- Abbreviation: AIPJD
- Founded: 11 December 2002
- Dissolved: 2006
- Split from: Janata Dal (United); Janata Dal (Secular);
- Merged into: Indian National Congress
- ECI Status: dissolved party

= All India Progressive Janata Dal =

Defunct political party in India

All India Progressive Janata Dal (formerly All India Janata Dal), was a political party in India. AIJD was launched on December 11, 2002, by several leaders of Janata Dal (Secular) and Janata Dal (United) in Karnataka, including the main JD(U) leader in the state Ramakrishna Hegde and JD(S) leader S. R. Bommai.

AIJD president was former Union minister S. R. Bommai (coming from JD(S)) and vice-president was Rajya Sabha member Vijay Mallya (previously vice-president of JD(U)). General Secretary was Basavaraj Rayareddy.

C. M. Ibrahim was also the National President for a brief period

On March 14, 2003, the Janata Party of Subramanian Swamy merged with AIJD. Swamy was appointed chairman of the political affairs committee of the party.

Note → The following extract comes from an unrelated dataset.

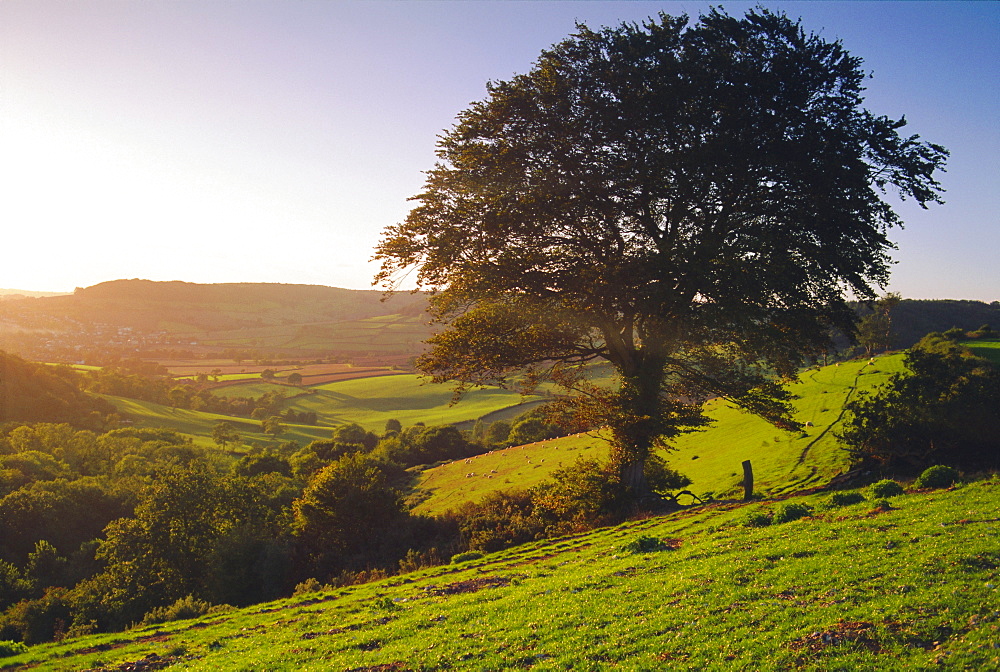 Devon, England, UK, Europe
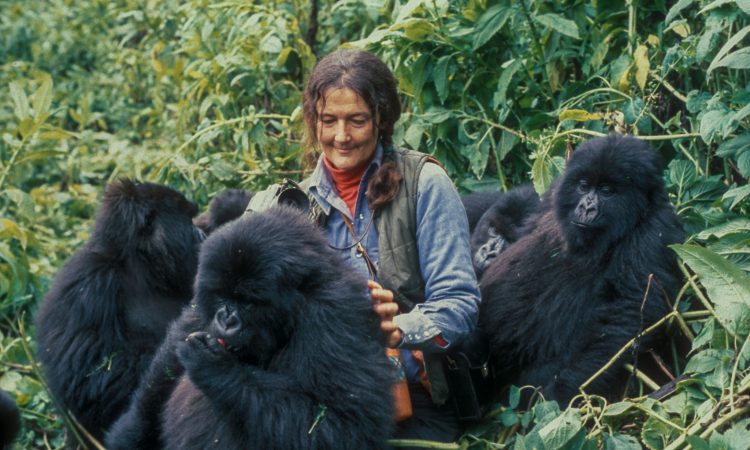 Dian Fossey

Mallya and Swamy later left AIPJD to reconstitute the Janata Party.

On May 19, 2003, AIJD was renamed All India Progressive Janata Dal. AIPJD was later disintegrated, with two Lok Sabha MPs and 11 members of the Karnataka assembly joining the Indian National Congress ahead of the 2004 Lok Sabha elections. The remaining AIPJD merged with Janata Dal (United).

The AIPJD was briefly revived in 2005 by Siddaramaiah, following his expulsion from the JD(S). The AIPJD subsequently merged with Congress in 2006.